HP is more likely to make acquisitions to fortify the information management arm of the unit, focused on data archiving and retrieval, where its offerings are thin. Products today include HP's ILM application, which the company sells for archiving and accessing information contained in e-mail, databases, and health care systems. Hogan sees an opportunity to bring to market software that better manages unstructured data from the Internet. There's no shortage of strong rivals here, including EMC, IBM, and Symantec.

Perhaps least known to most IT managers is HP's group centered on OpenCall, software that helps telecom companies. It includes the OpenCall Media Platform for developing and delivering messaging, portals, and voice-enabled interactive services. It also includes service control software for things such as televoting, VPNs, and prepaid phone services.

Pressure To Diversify
With more than 60% of HP's revenue coming from PCs and printers, investors want to see the company expand. It took baby steps in 2006, growing software revenue 23% to $1.3 billion--70% of it from OpenView--before the Mercury acquisition. That's more than double the growth rate of any of its other businesses, but the group's earnings were a mere $85 million. Add up all the software HP sells across divisions, and it comes to well over $3 billion a year, IDC estimates. When HP issues its first-quarter financial report this week, it'll be the first to reflect the Mercury acquisition.

HP has a long road, though, to convince business technology buyers it's an expert in infrastructure and information management software. Kevin Donnellan, assistant CIO at the Screen Actors Guild-Producers Pension and Health Plan, buys most of the organization's systems from HP--servers, PCs, storage, and management software. But HP doesn't come to mind for business information, says Donnellan, whose organization developed its own data warehouse.
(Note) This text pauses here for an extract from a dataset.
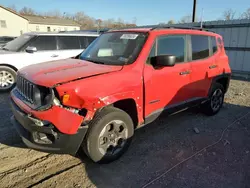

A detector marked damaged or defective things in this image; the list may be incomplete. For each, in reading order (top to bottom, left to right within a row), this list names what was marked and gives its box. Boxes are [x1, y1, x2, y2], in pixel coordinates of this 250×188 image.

crumpled hood [19, 58, 124, 87]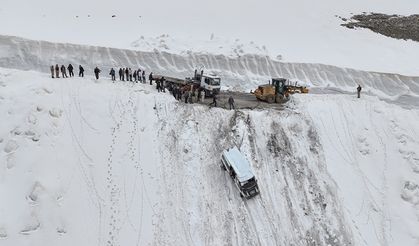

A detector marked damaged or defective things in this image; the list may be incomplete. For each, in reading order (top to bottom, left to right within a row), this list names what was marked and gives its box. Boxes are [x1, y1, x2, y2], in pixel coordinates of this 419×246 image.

Still, Donnellan's interested in HP for reasons other IT execs share: The more technology he uses from one vendor, the less time he spends managing others.

Hogan says HP will never be an applications vendor like Microsoft, Oracle, and SAP. Nevertheless, he points to the rapid consolidation in the software industry and thinks that before long, there will be a short list of critical vendors, with very few midtier players. HP, he promises, will be on that short list. That's a lofty goal. But if HP doesn't get it right this time, it's one Hogan won't come close to reaching.